The appellant provided a single composite service of animal rearing and management, to which all elements, including accommodation and feed, were merely constituent elements.
The Tribunal also dismissed the alternative argument of the that the supply of food was the principal supply, with all other elements, including accommodation and the wider activities being merely ancillary. The provision of food was not an aim in itself. The food could not sensibly be separated from the accommodation, handling, record-keeping and welfare-related functions that were also performed. It was, therefore, not the principal supply but an integrated component of the single composite supply.

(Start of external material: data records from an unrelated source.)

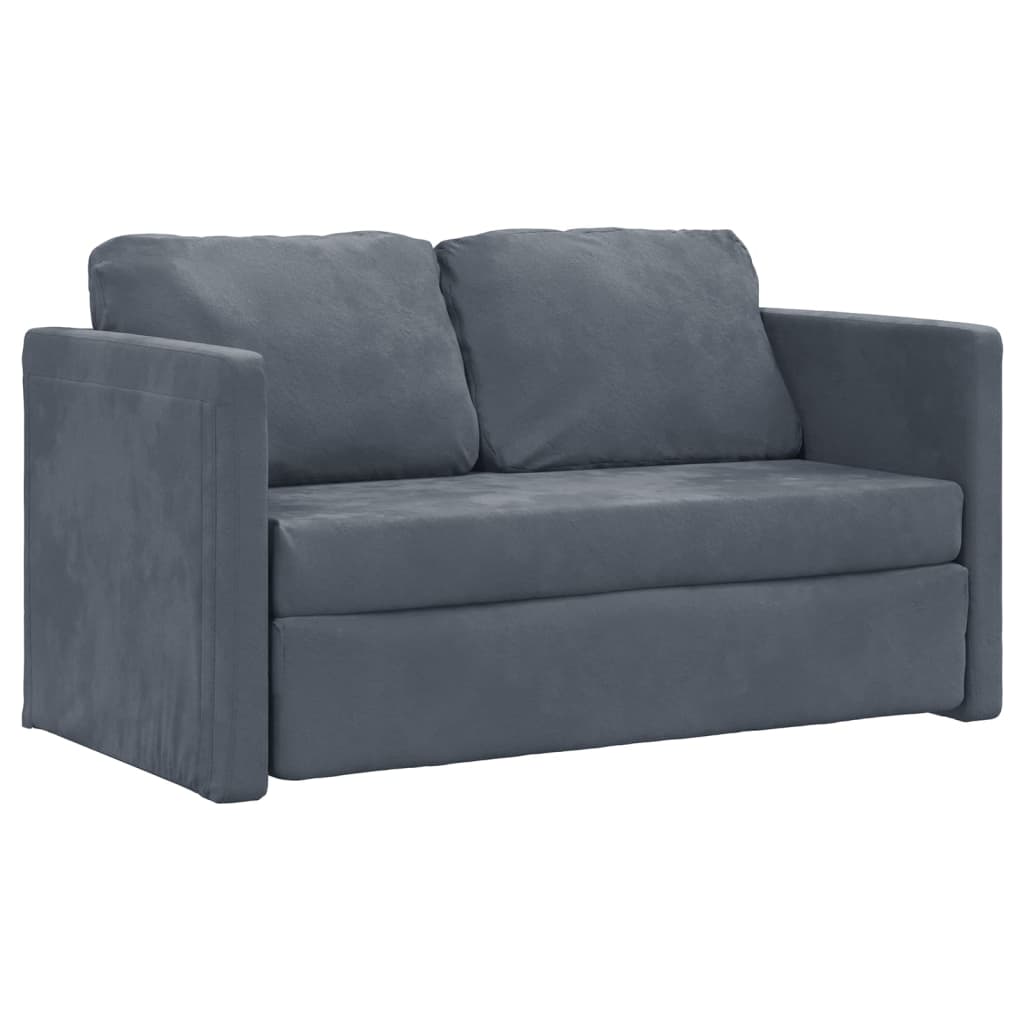 Slaapbank vloermodel 2-in-1 122x204x55 cm fluweel donkergrijs is nu te koop bij PeponiXL, paradijselijk wonen!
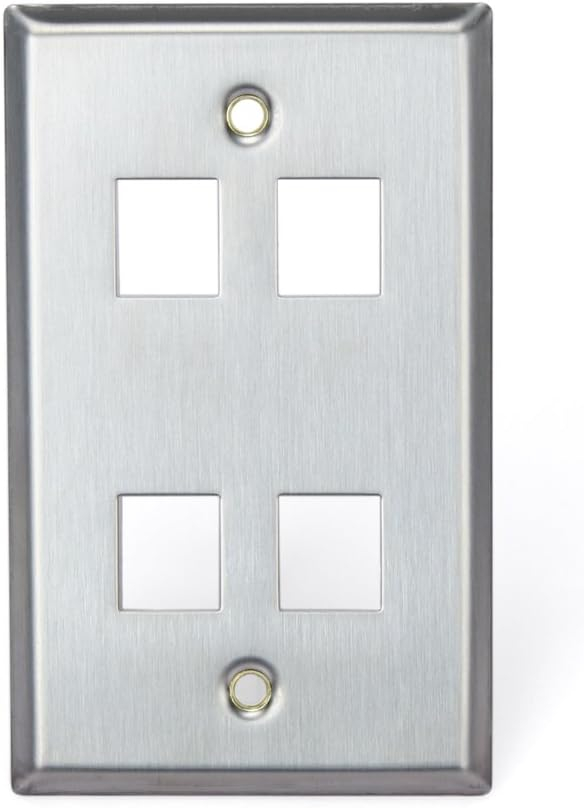 Stainless Steel 4-Port Keystone Mounting Plate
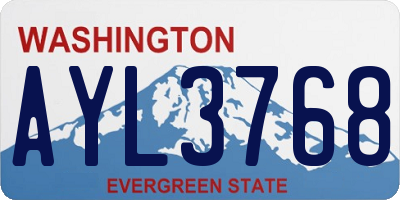 WA license plate AYL3768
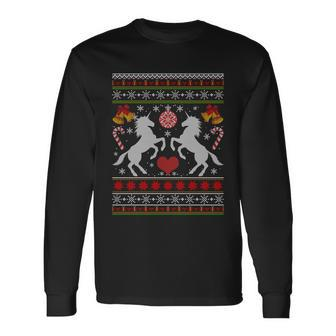 Unicorn With Xmas Decorations Ugly Christmas Sweater Long Sleeve T-Shirt - Monsterry UK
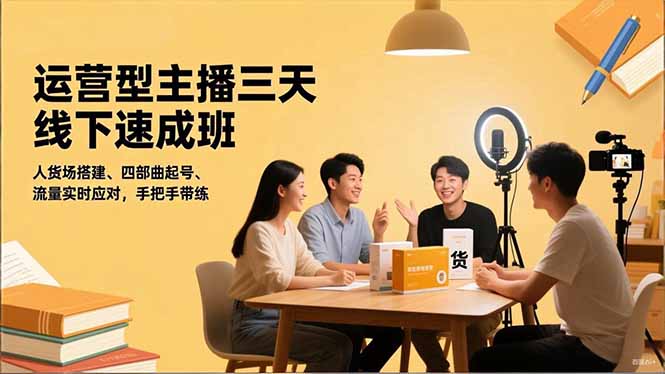 运营型主播三天线下班，人货场搭建,四部曲起号,流量实时应对，手把手带练-搞砸网络-www.gaoza.cn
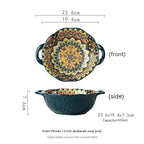 Yellow Green Wave Tree Pattern Flower Hand Painted Underglaze Binaural Ceramic Not Hot Hand Noodle Bowl Pi-Mart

The appeal was consequently dismissed.
Commentary
Yet another case on the perennial composite/single supply issue. This case was relatively straightforward and the outcome was no surprise. It is essential that businesses that potentially deal with agent/principal matters or make supplies at different VAT rates consider their position. Contracts, other documentation and the commercial reality need to be considered. We recommend that in such circumstances a review is carried out specifically to establish the correct VAT position .
Latest from the courts
Reduced VAT rate for public EV charging
In the First-tier Tribunal (FTT) case of Charge My Street Limited (CMS) the issue was whether the supply of electric vehicle (EV) charging in public places qualified for the reduced rate of VAT – 5%.
The appellant contended that the reduced rate applied to its supplies because they were provided at a premises and were below the de minimis – 1000 kilowatt hours (kWh) a month applicable to domestic use of electricity.
HMRC formed the view that these supplies were standard rated at 20% on the basis that what was being provided was not for ‘domestic use’. Furthermore, the de minimis was breached because the supply should be calculated by reference only to the period during which the electricity was actually being provided, rather than to a specific person at any premises in a month.
Legislation
The relevant legislation is found at The VAT Act 1994, Schedule 7A, Group 1, Item 1, Note 5(g),
Decision
The FTT found that ‘premises’ for this purpose did not require any concept of legal ownership by the recipient of the electricity, nor was it confined to buildings, but could include defined public spaces, such as car parks. The judge also accepted CMS’s argument that the de minimis limit is measured in terms of how much electricity is provided by a supplier to a person at any premises in the relevant month. It was accepted that public EV charging would always be under the 1000 kWh limit.
The FTT allowed appellant’s appeal in principle.